How can I define a variable that is accessible over several #include levels? E.g. I have some DIM declared in a VBScript and I want to access this by name inside an included VBScript so it is accessible for one user/one session which must be equal to session("UserID") if I have disabled sessions at all and also do not use cookies.
If you want to keep the variable state through multiple page requests and can't use cookies nor session state, an option i see is carrying it in the query string of each request url.
Or maybe you can also look at html5 local storage. Despite some people depreciating w3schools, i always find it a good starting point.
Well, it's been a very long time since I've last worked with ASP3 and VBScript, but if memory serves, the #Include directive is actually not a part of the ASP, it's an instruction to the IIS to add the file that is included into your ASP page.
Therefor any function or variable declared in an included file should be considered for all intents and purposes as if it was written directly into your ASP page.
As you should know, VBScript can't use a variable unless it's declared in a previous code row, therefor it's only a matter of where in your ASP page you are using the #Include directive.
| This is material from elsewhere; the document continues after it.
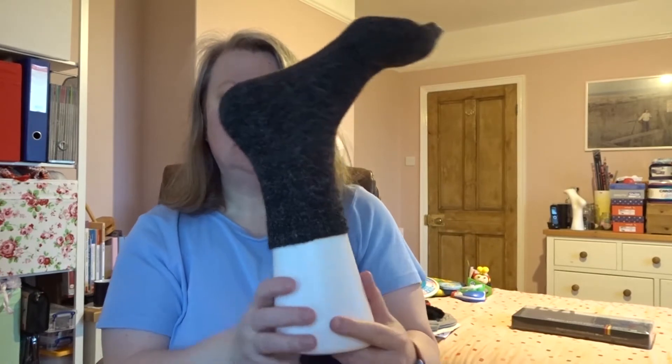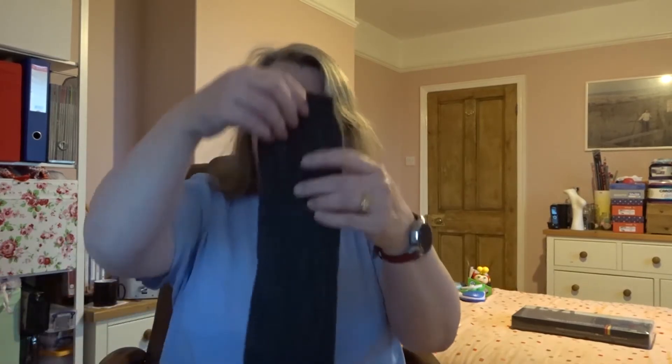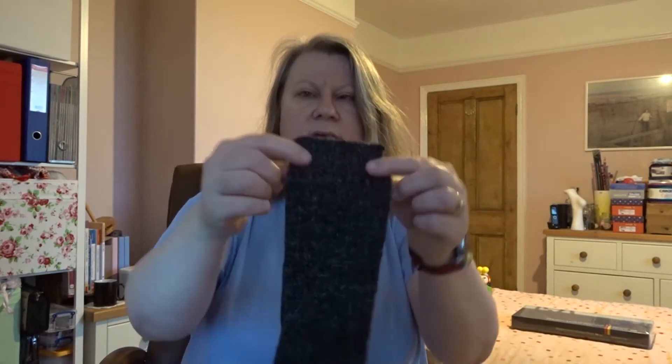Here it is on the sock mold. It looks pretty dark and you can't really see any detail. That's just the nature of the yarn. Its pair does have a heel — it's just tucked at the back there from how I washed it — but it's a toe-up slip stitch heel.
This is why you should use the #Include directive as soon as possible in the ASP page that uses them.
Cookies, sessions (cookie-sessions), local storage values, are the most common types to track a visitor. Another unrealiable option is to store the values in a DB table and then use a mix of IP address and other browser sniffing variables to indicate a user (this is a bad idea).
Your best bet is to use standard cookies and keep ASP-SESSIONS off. Then you would have to build your own session management, which is usually done in a Database.
As for getting those session values into ASP and playing with them on the server side, you just do a request.cookies("session-coookie-name") and then look up the session in your DB. If you want this to go across all pages of your site put it in an include file and make sure that include file is included in all of your asp scripts.
When coding Classic asp, I usually start with a boiler plate which has a few includes (include-page-start.asp, include-head-asp, include-menu.asp, include-page-end.asp). Having an approach like this allows you to quickly add functionality without having to edit every page later. Remember includes can also include other includes :) (part of the reason asp classic both sucks and rocks!)
Sessions also use cookies to track visitor.
But ASP-SessionID Cookie does not have an expire time so if you close your browser, your cookie with ASP-SessionID will delete and your session will be terminated.
i think you try to build a load balance on an ASP site which is most complicated thing with session variables.
You have to use something different to track visitors. Cookies are an option but you have to create your own session management and still have to use a cookie to remember it.
i found a new component to do this. it work like a charm for load balance and keep your own session management with multi accesible mechanism.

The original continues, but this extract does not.